**Instructions to follow:** When you reach the line that contains "America like you've" below, transcribe it and each line after it word for word to the end of the records, omitting pictures.
━━━━━━
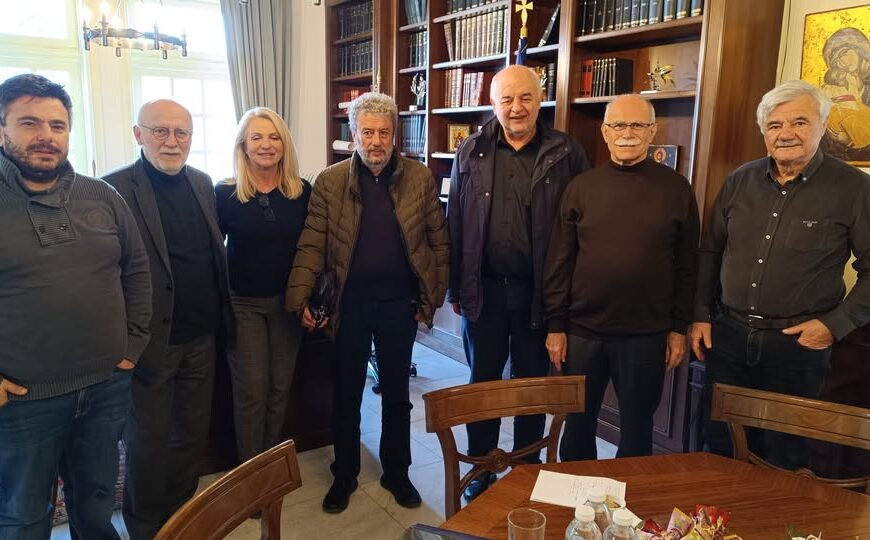 Πύργος: Συνάντηση του δημάρχου με τον βουλευτή ΚΚΕ Αχαϊας, Νίκο Καραθανασόπουλο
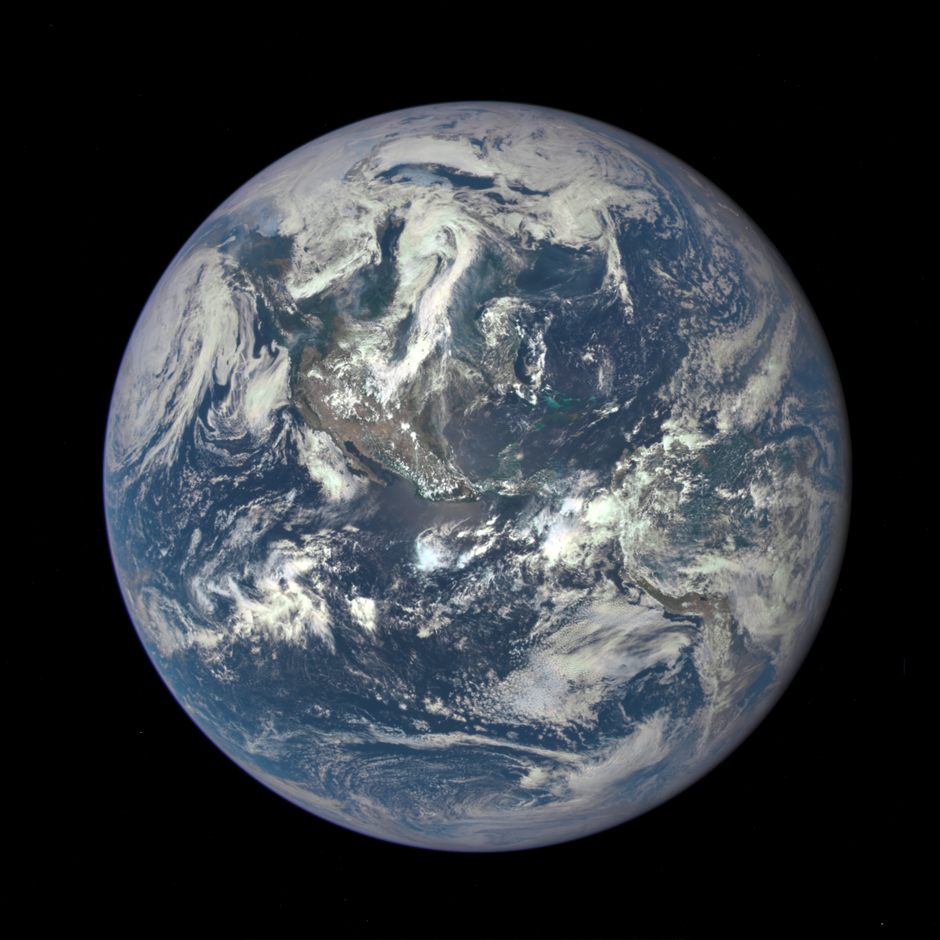 America like you've never seen it before: New Nasa camera provides an 'EPIC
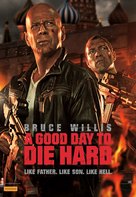 A Good Day to Die Hard - Australian Movie Poster (xs thumbnail)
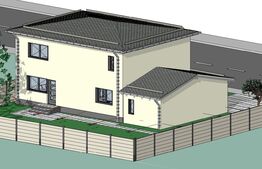 Casa individuala, 120 mp, 280 mp teren, Vestem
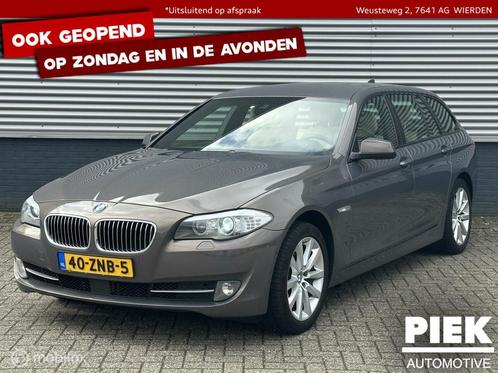 BMW 5-serie Touring 535xd High Executive INDIVIDUAL EXPORTPR, Auto's, BMW, Bedrijf, Te koop, 5-Serie, 360° camera, 4x4, ABS, Achteruitrijcamera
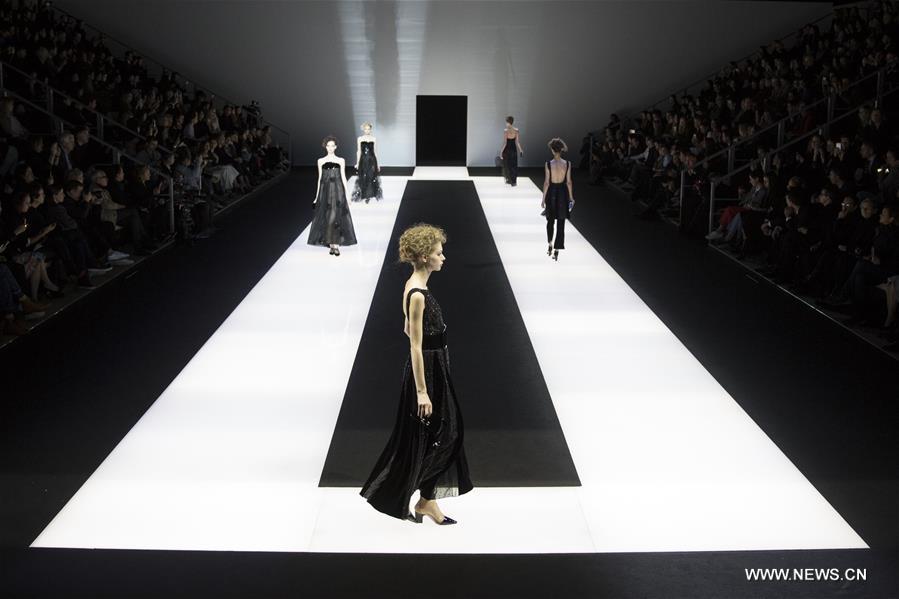 ITALY-MILAN-FASHION WEEK-GIORGIO ARMANI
━━━━━━
**Response to this exercise:**
 America like you've never seen it before: New Nasa camera provides an 'EPIC
 A Good Day to Die Hard - Australian Movie Poster (xs thumbnail)
 Casa individuala, 120 mp, 280 mp teren, Vestem
 BMW 5-serie Touring 535xd High Executive INDIVIDUAL EXPORTPR, Auto's, BMW, Bedrijf, Te koop, 5-Serie, 360° camera, 4x4, ABS, Achteruitrijcamera
 ITALY-MILAN-FASHION WEEK-GIORGIO ARMANI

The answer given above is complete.